Şiddet kavramı, günümüzde birçok farklı bağlamda ele alınmakta ve tartışılmaktadır. Genel itibarıyla zarar verici ya da tahrip edici sonuçlara yol açan eylemleri ifade etse de bazı durumlarda, hareketsizlik veya eylemsizlik gibi olguları da içerecek şekilde yorumlanmaktadır (Malesevic, 2024). Kelimenin etimolojik kökeni Latince violentia olup, sertlik, katılık ve merhametsizlik gibi anlamlara sahiptir (Michaud, 1991).

Şiddet olgusu, bugün farklı biçimlerde tezahür etmekte ve çeşitli sınıflamalara tabi tutulmaktadır.

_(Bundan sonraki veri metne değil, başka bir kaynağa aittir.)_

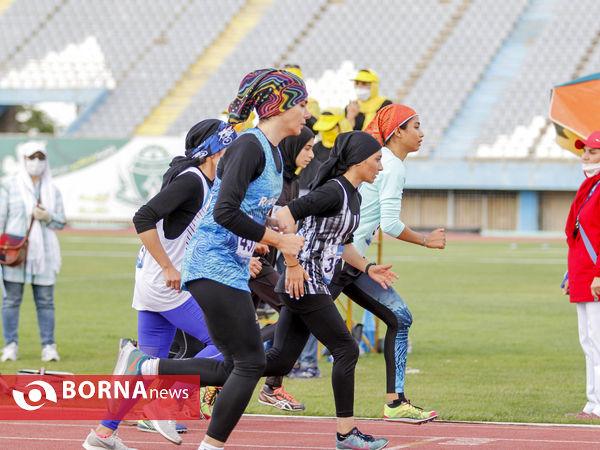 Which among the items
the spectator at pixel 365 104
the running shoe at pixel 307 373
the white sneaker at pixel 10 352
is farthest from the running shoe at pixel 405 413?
the white sneaker at pixel 10 352

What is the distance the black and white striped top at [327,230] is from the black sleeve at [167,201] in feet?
2.11

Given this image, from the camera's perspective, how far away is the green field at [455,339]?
7.69m

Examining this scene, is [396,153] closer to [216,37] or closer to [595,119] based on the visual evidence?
[595,119]

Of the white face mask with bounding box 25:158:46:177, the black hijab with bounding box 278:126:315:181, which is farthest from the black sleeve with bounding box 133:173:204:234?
the white face mask with bounding box 25:158:46:177

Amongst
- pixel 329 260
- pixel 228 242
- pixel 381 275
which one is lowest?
pixel 381 275

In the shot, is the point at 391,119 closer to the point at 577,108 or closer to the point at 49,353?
the point at 577,108

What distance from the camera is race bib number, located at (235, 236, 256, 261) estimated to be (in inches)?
189

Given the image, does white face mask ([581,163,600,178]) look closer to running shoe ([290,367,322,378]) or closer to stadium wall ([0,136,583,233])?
running shoe ([290,367,322,378])

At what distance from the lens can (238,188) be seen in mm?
4570

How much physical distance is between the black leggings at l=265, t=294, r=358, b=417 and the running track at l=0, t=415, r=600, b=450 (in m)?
0.43

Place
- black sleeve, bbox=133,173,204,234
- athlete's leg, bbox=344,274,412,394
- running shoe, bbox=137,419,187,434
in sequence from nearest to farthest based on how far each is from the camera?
black sleeve, bbox=133,173,204,234 → running shoe, bbox=137,419,187,434 → athlete's leg, bbox=344,274,412,394

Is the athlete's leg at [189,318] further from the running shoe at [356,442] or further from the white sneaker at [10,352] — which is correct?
the white sneaker at [10,352]

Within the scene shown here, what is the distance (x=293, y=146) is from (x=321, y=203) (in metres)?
1.90

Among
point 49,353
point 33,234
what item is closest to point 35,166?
point 33,234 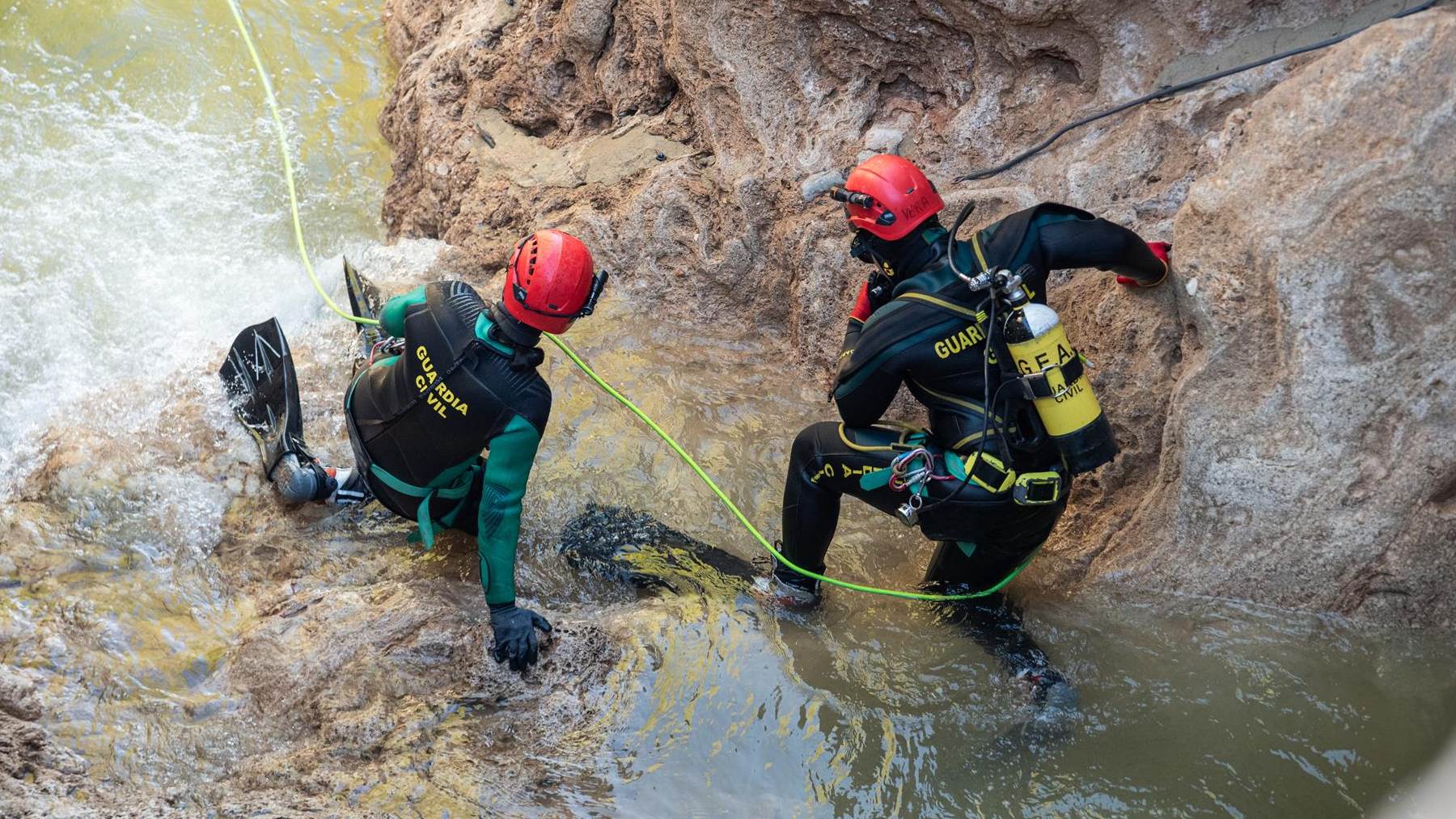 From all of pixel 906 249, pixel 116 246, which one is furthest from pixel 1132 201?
pixel 116 246

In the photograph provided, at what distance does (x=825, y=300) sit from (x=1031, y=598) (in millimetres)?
1812

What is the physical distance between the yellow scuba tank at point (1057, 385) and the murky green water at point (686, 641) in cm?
78

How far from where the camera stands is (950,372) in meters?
3.55

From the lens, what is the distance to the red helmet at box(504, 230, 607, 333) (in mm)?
3424

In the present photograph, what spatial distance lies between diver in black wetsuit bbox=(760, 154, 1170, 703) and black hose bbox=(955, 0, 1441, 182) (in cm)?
87

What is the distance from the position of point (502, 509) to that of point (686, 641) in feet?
2.60

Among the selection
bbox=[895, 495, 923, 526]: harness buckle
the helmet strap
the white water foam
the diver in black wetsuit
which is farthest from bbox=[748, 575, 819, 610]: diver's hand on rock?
the white water foam

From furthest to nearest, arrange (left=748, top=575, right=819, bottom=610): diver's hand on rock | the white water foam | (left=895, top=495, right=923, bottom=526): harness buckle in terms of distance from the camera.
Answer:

Bunlar arasında fiziksel şiddet, psikolojik şiddet, ekonomik şiddet, cinsel şiddet, sosyal şiddet, kurumsal şiddet ve medya şiddeti gibi alt başlıklar yer almaktadır (WHO Press, 2002; UN Women, 2015; TÜİK, 2014; Bandura, 1973; Butler, 2004; Huesman & Kirwil, 2007).

Şiddetin bu denli geniş bir yelpazede ortaya çıkışı ve uygulanışı, modern toplumların yapısal unsurlarıyla yakından ilişkilidir. Bu bağlamda şiddetin, meşrulaştırılması için belirli ideolojik, kültürel ve toplumsal temellere dayandırılması gerektiği öne sürülmektedir. René Girard, Şiddet ve Kutsal adlı eserinde şiddetin kökenlerini mitolojik ve dinsel bağlamlarda ele almakta; şiddet duygusunun tarih boyunca kurban sunumu gibi ritüellerle dışa vurulduğunu ifade etmektedir (Girard, 2003). Ona göre, şiddet yalnızca fiziksel saldırganlık değil, aynı zamanda insanın içsel bir dürtüsüdür ve bu dürtü belirli semboller veya inançlar üzerinden görünür hale gelir.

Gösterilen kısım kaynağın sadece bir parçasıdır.